Zehn Semester hat Peter benötigt an der Uni Duisburg/Essen. Nach dem Diplom beginnt er sofort mit der Promotion in Technischer Chemie, Explosionsschutz ist sein Thema. Zwischen der Bundesanstalt für Materialforschung in Berlin und der physikalisch-technischen Bundesanstalt in Braunschweig pendelt er. Fast vier Jahre Berufserfahrung stehen am Ende der Doktorarbeit und ein summa cum laude.

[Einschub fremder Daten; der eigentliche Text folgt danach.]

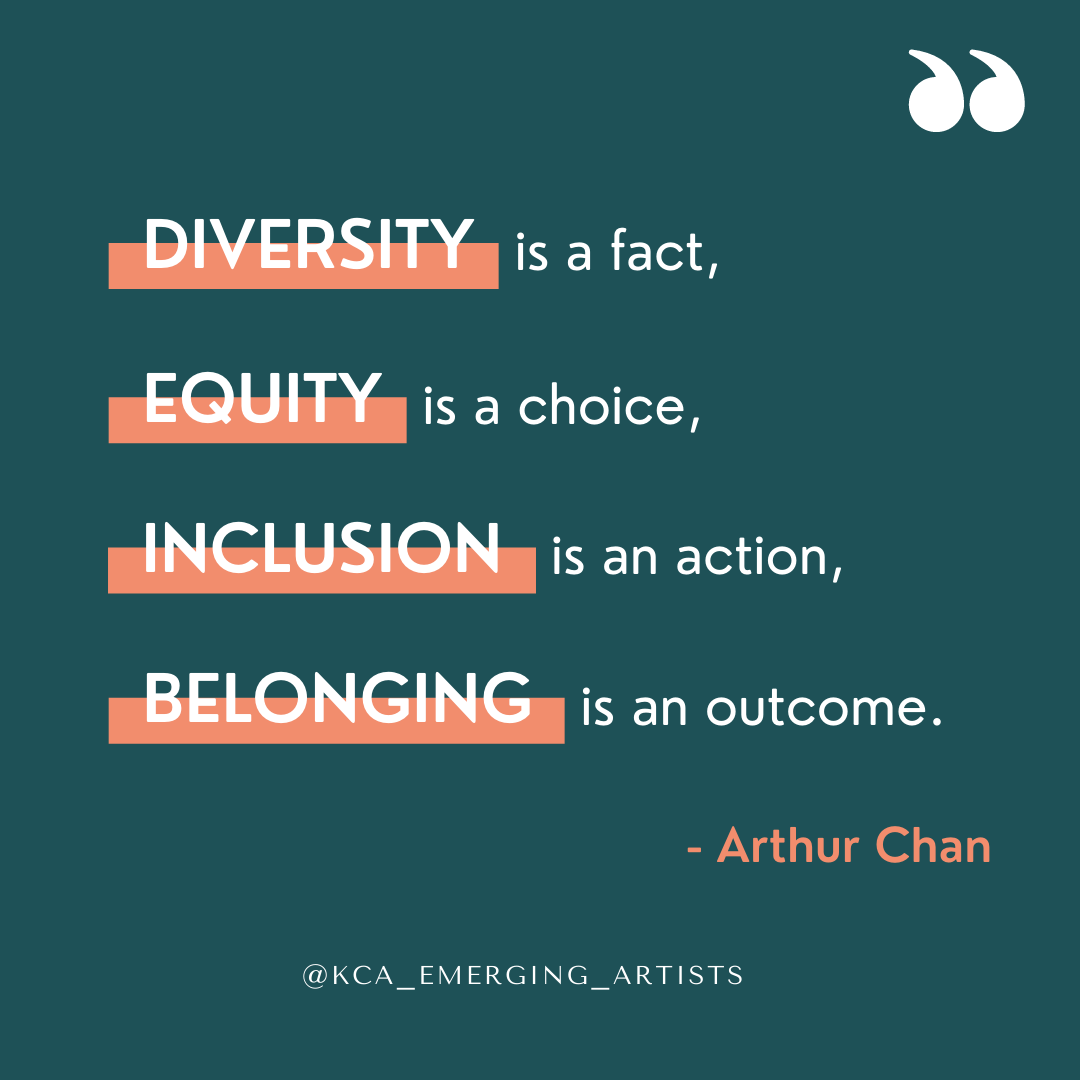 Diversity Quote Card - 1/1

Eine Tür hat ihm das höchste Lob bisher nicht geöffnet. Seit gut 15 Monaten, berichtet er, schreibe er Bewerbungen, quer durch die Republik. Auch die Schweiz und Österreich kämen in Frage. 100 Bewerbungen listet er auf, sechs Vorstellungsgespräche. „Von vielen Firmen habe ich keine Antwort bekommen, nicht einmal eine Eingangsbestätigung.“ Und wenn er nach Monaten mal nachgefragt habe, hieß es: Man habe sich für jemanden anderen entschieden.

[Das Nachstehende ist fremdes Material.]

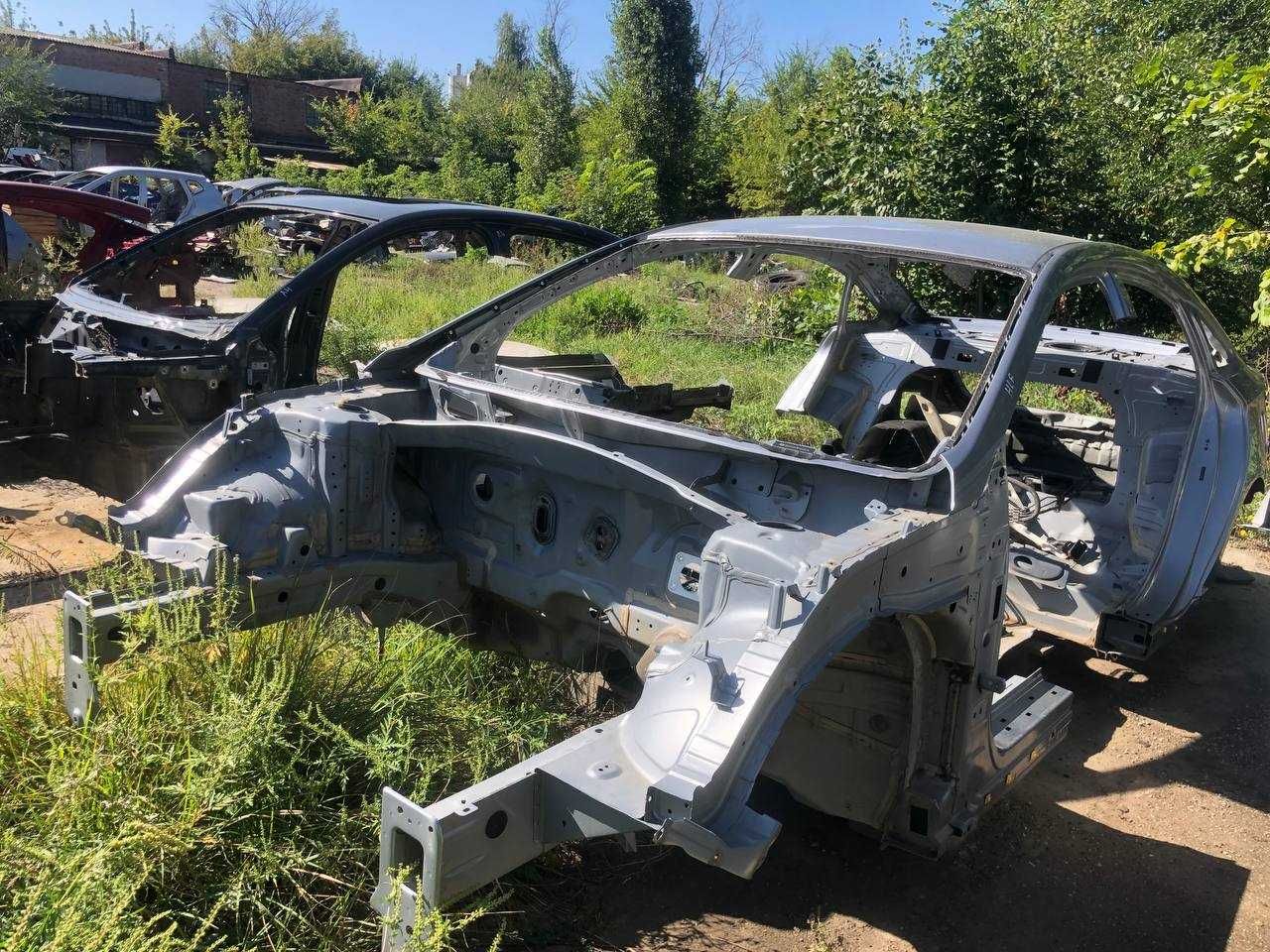 Hyundai Sonata LF Соната ЛФ 15-20 четверть передняя задняя с разборки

Voran es liegt – er wisse es nicht. Er ist weder vorbestraft noch tritt er in ausgefransten Jeans vor die Personalchefs. Zum Teil würden die Anforderungen extrem hochgeschraubt: jung, promoviert, Berufserfahrung, immer wieder gute Sprachkenntnisse. „Ein Unternehmen verlangte die Beherrschung von fließend Englisch, Französisch und Spanisch, Kenntnisse in Russisch waren außerdem erwünscht.“ Und was die Gehaltswünsche angehe, stapele man als Anfänger ohnehin tief. „Ich hätte manche Arbeit auch für 2500 Euro brutto angenommen.“ Auch das führte nicht zum Arbeitsplatz. Und mit wachsender Enttäuschung habe er sich auch mal auf die Stelle eines chemisch-technischen Laboranten beworben. Überqualifiziert, aussortiert.

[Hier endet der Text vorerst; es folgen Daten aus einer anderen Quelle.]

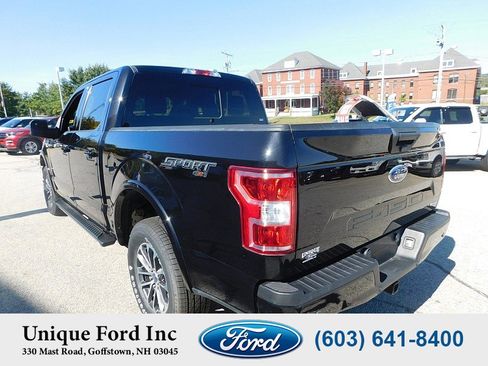 Used 2019 Ford F150 XLT w/ Equipment Group 302A Luxury image 6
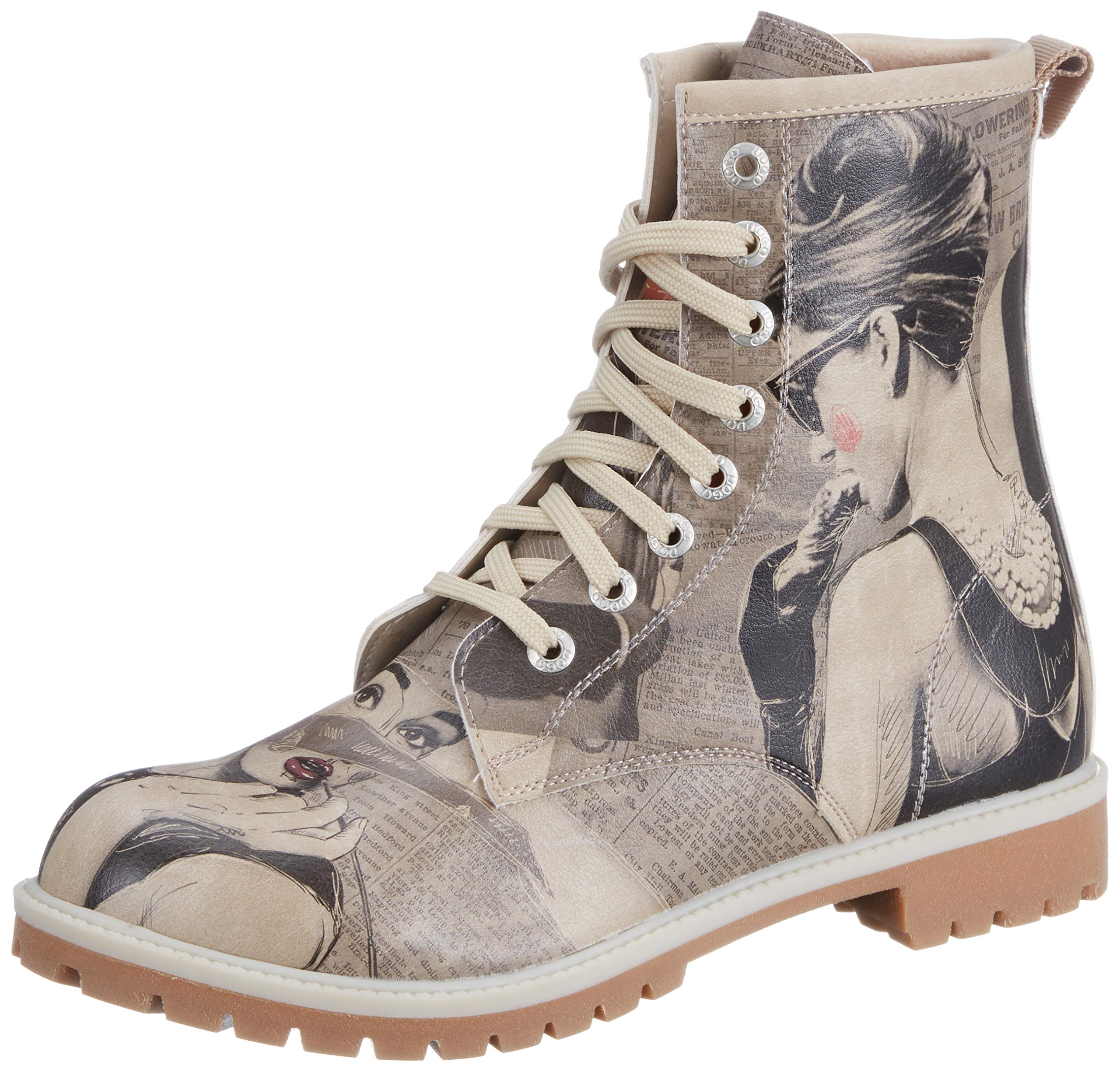 dogo-stiefeletten-vegane-damen-boots-go-back-to-being-yourself image 1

Die Hilfe von der Arbeitsagentur oder von Arbeitsvermittlern sei völlig enttäuschend, sagt der 32-Jährige. Drei Angebote in zwölf Monaten, wobei in einem Fall noch nicht einmal ein Chemiker gesucht wurde. Zu alten Ausbildern hat er den Kontakt aufgenommen, täglich durchsucht er sämtliche Arbeitsbörsen, schaut täglich auf die Seiten der Max-Planck-Institute, auf die der Fraunhofer Gesellschaft. Chancenlos in der Chemiebranche? Für den Heißener sieht es so aus.
Keinerlei Rückmeldung
Sein vier Jahre jüngerer Bruder erlebt das gleiche Dilemma als Maschinenbau-Ingenieur. Er hatte zunächst bei Siemens Industrie-Mechaniker gelernt und ging dann an die Bochumer Uni. Konstruktionstechnik ist sein Schwerpunkt. Als er studierte, habe er immer gehört, wie gefragt er eines Tages sein werde. Von wegen. Nach neun Monaten bringt er es auf 50 Bewerbungsschreiben. Ergebnis: nichts. Auch er beklagt, dass es von den Firmen keinerlei Rückmeldung gebe. So tappe man im Dunkeln, werde von Selbstzweifeln geplagt und staune über die zunehmenden Klagen der Wirtschaft über den Fachkräftemangel, über die Überlegungen, verstärkt Akademiker aus dem Ausland anzulocken, und sie wundern sich, dass das Land NRW in Mülheim für 170 Millionen Euro eine Hochschule baut, um den Ingenieurmangel zu beseitigen, wo sie eher den Überhang erfahren.
„Ich würde als Politiker den Unternehmen sagen: Bevor Sie über den Mangel klagen, schauen Sie sich auf dem heimischen Markt einmal um!“, sagt Peter. Von ehemaligen Kommilitonen hören beide ähnliche Schicksalsberichte. „Selbst wenn man nicht zu 100 Prozent mit seinem Profil auf eine Stelle passt, die Meisten sind sofort bereit, sich umgehend fortzubilden, sich in neue Aufgaben hineinzuarbeiten.“ Man müsse nur mal die Chance bekommen.